TZ="$(shuf -n 1 all_timezones_list.txt)"
export TZ

I’ve used the latest stable versions of chromium, ranging from versions 88 to 94.

In the current production setup, I get a 100% success rate when hitting bot.incolumitas, and it takes 5-10 seconds for a successful execution. In the containerized setup, when the ec2 instances it’s running on have been freshly started (i.e. no previous executions), I get a 20% success rate, and it takes around 30 seconds for a successful execution.

I do not believe the container is hitting a memory or CPU limit because I’ve tailed the stats of the containers during execution and everything looks fine. I’m thinking that it could potentially be that the first execution doesn’t have cached files of the website because it’s having to access this site for the first time. However, the non-containerized app is able to successfully reach that site, no problem, within 5-10 seconds, even if it’s the first execution on a freshly-started server.

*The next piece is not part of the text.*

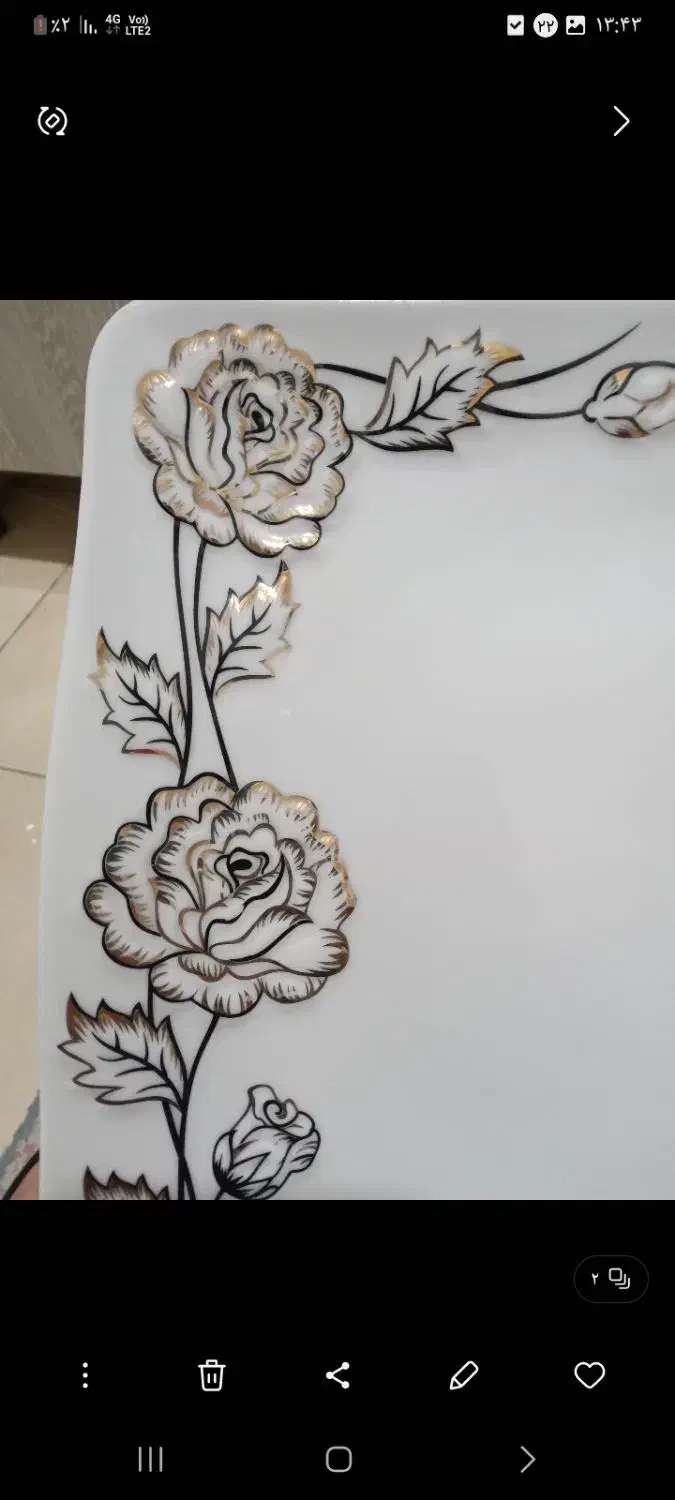 سرویس چینی|ظروف سرو و پذیرایی|گلبهار, شهر جدید گلبهار|دیوار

Therefore, this leads me to believe that it could simply be a crash of chromium that just isn’t showing up in the error messages, but I’m not entirely sure. It could also be a docker configuration setting that I’m missing.

Things I’ve tried so far [to no avail]:

  1. Adding --disable-dev-shm-usage to the chromium startup command (I’ve already been doing this)
  2. Using --shm-size in your docker run command
  3. Using --ipc=host in your docker run command
  4. Trying other chromium variations (different versions)
  5. Adding a “sleep X” command to the initial execution on a freshly-started ec2 instance
  6. Hitting a dummy site (an internal site that returns your user-agent) on the first execution of a freshly-started ec2 instance, then once it returns the same failure, hitting bot.incolumitas

Is there anything that I could be missing? I appreciate any ideas or recommendations.